Personally, right now, usage of monitors is far from the best that it can be. In some ways, it is definitely being used for something other than a bigger DMD, with game status always being displayed except when cutscenes and whatnot take over. But I can’t help but feel that, on the other hand, it is being used in some other instances as if it were a bigger DMD. An example is the end-of-ball bonus in The Wizard of Oz, which displays each bonus one at a time until it shows the total at the end. The entire monitor is dedicated to that, and I personally feel it’s a waste of space. The monitor can potentially display all of the bonuses at once and the total at the bottom. This sort of thing comes about from thinking in terms of DMDs.
I’m guessing I’m coming over with a different perspective than most people into pinball, as I play a lot of modern video games and got into pinball later. Over the decades, game designers have become very good at displaying a lot of information simultaneously in a non-intrusive way that’s easy to understand once you’re accustomed to the game.
Here is an example from Splatoon, the most recent competitive video game I’ve played. I have a shrunken screenshot, but clicking on it will lead to a bigger image:
There are at least 11 different things about the game status that can be viewed at a glance: There is the time remaining (2 minutes and 2 seconds), team status (roughly even, with two KOed players on the red team), score (382 points), which special weapon is available to use (the Inkzooka), progress in filling up the special meter so it can be used (about 30%), the effects your character’s clothing currently has (Bomb Range Up, Special Saver, Special Charge Up), controls for status relay (“C’mon!” and “Booyah!”), damage taken (the red border indicates I’ve taken heavy damage), whom I’ve just KOed (someone named “sniping ya”), the location of the KO (that pink explosion thing to the right), and the locations of my teammates (the blue names towards the upper middle).
That being said, the distance to look is a lot less than any pinball machine, and looking away for even a split second can be dangerous. Maybe one can get cues from driving, which similarly requires you keep your focus in one direction and looking away can be lethal. A car’s dashboard tells the driver a lot of information: Speed, the engine’s temperature, your fuel tank’s fullness (or emptiness), any abnormal status, your turn signals’ status, your headlights’ status, distance traveled, RPM, and the time. If you have media playing, it’ll display information about that media. More modern cars tell you your fuel efficiency, oil life, GPS, and a bunch more depending on the car. The difference here is that you look down instead of up. And road signs outside tell you of things to come.

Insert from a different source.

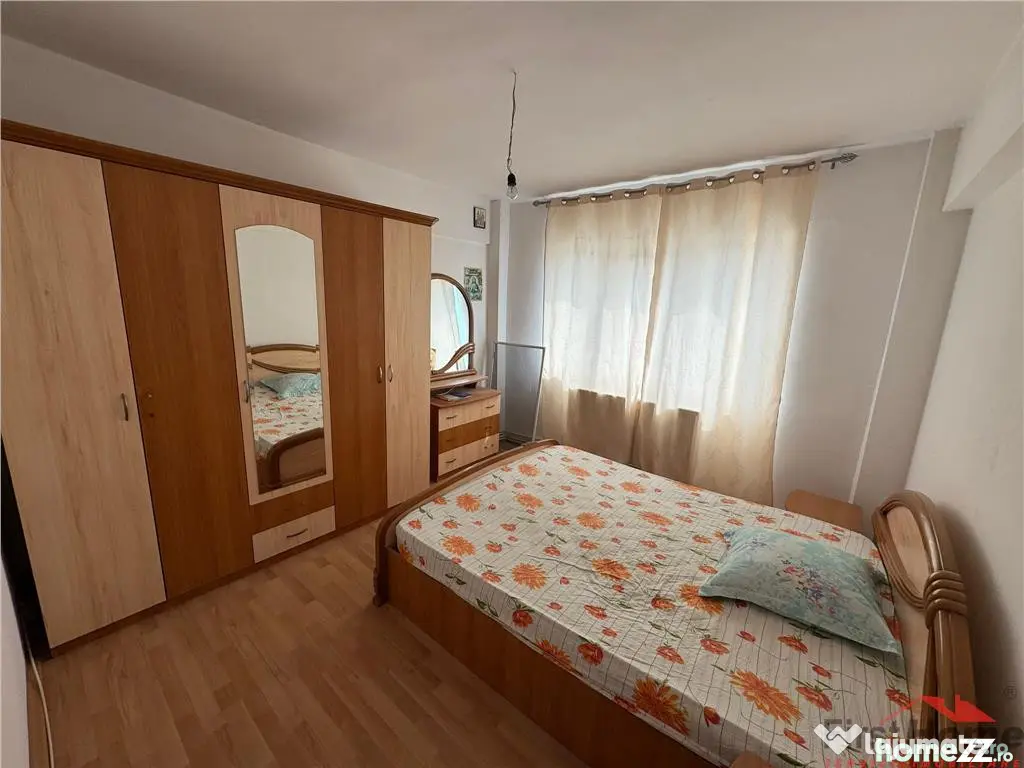 Apartament 2 camere, 60mp , etaj 4 cu acoperis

Currently, The Wizard of Oz and Full Throttle are displaying less information than that in a less intuitive way. How one can do it elegantly, however, is something I’m not too sure of, as it’d require a level of knowledge of psychology, game design, and experience I don’t have. I do like what they’ve done with these screens though. (And the burden of needing to convey information at a glance goes double for Multimorphic, as the entire playfield is one big screen.)